AIM OF THE TASK: What's needed is the listing below, repeated word for word with no pictures.

INFORMATION SHOWN:
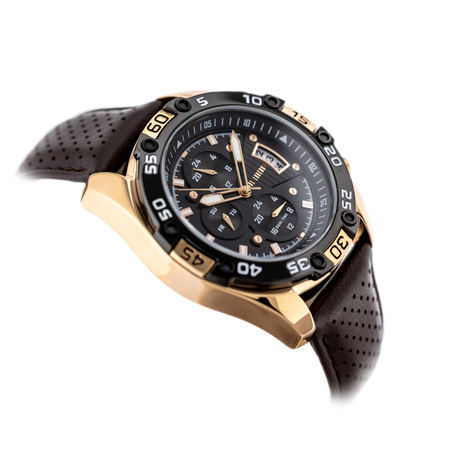 PAUL LORENS MALE WATCH -PL8754A5-1B1 (zg375d) + BOX
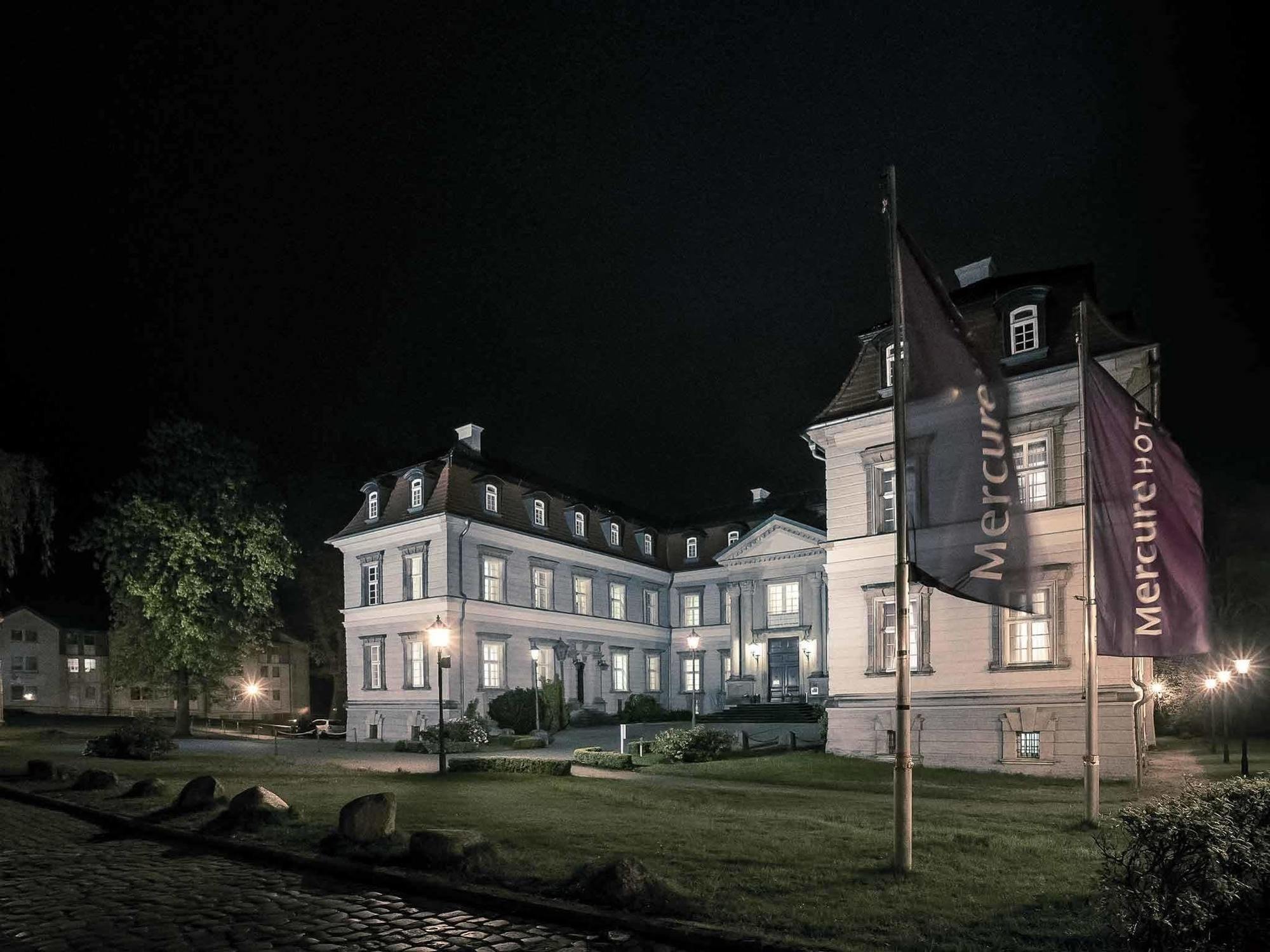 Hotel Schloss Нойштадт-Ґлеве Екстер'єр фото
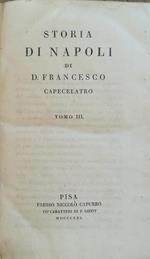 Storia di Napoli. III. IV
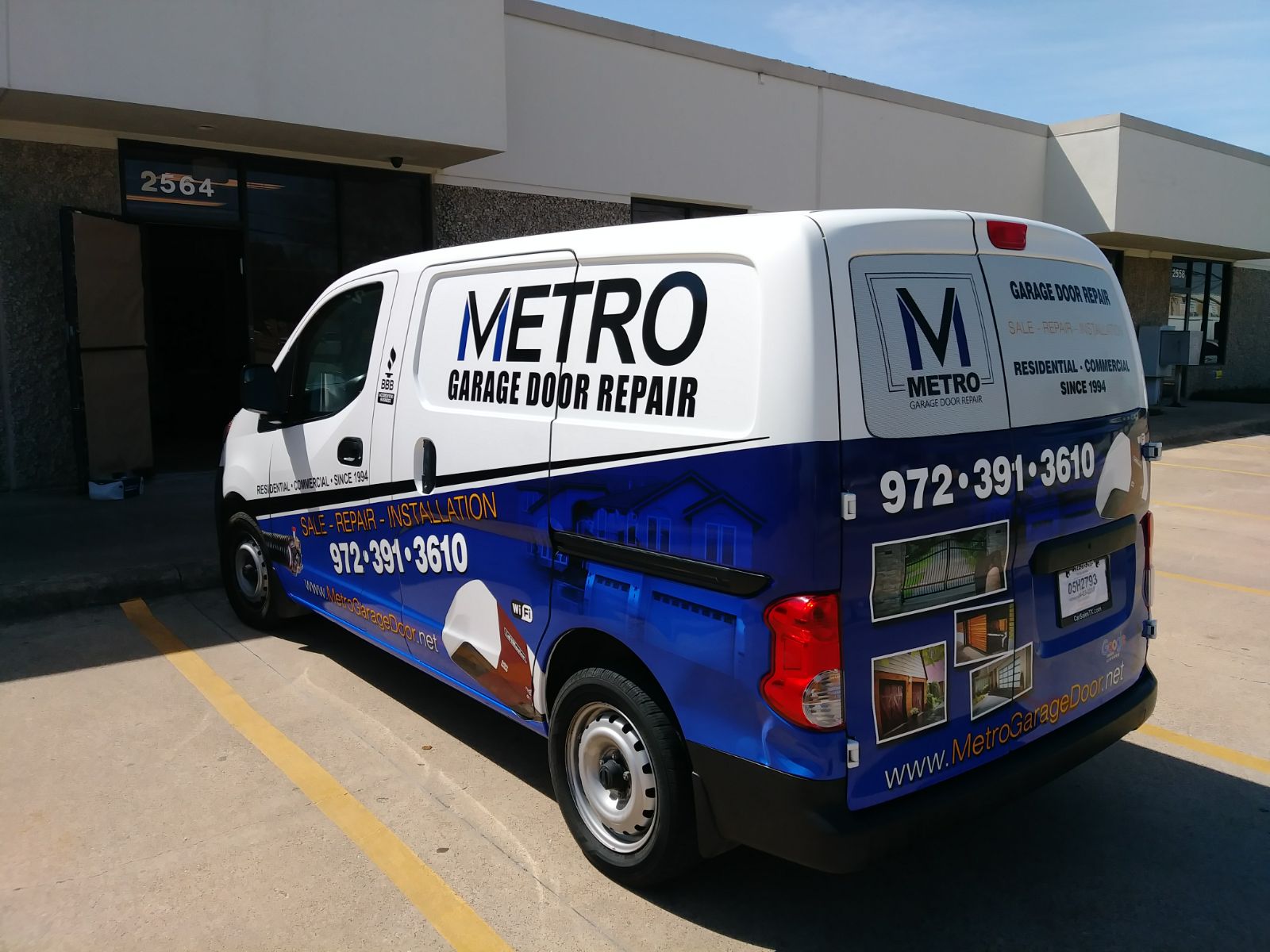 Metro Garage Door Repair | 2801 W Parker Rd #4, Plano, TX 75023, United States | Phone: (469) 291-0801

RESULT:
 PAUL LORENS MALE WATCH -PL8754A5-1B1 (zg375d) + BOX
 Hotel Schloss Нойштадт-Ґлеве Екстер'єр фото
 Storia di Napoli. III. IV
 Metro Garage Door Repair | 2801 W Parker Rd #4, Plano, TX 75023, United States | Phone: (469) 291-0801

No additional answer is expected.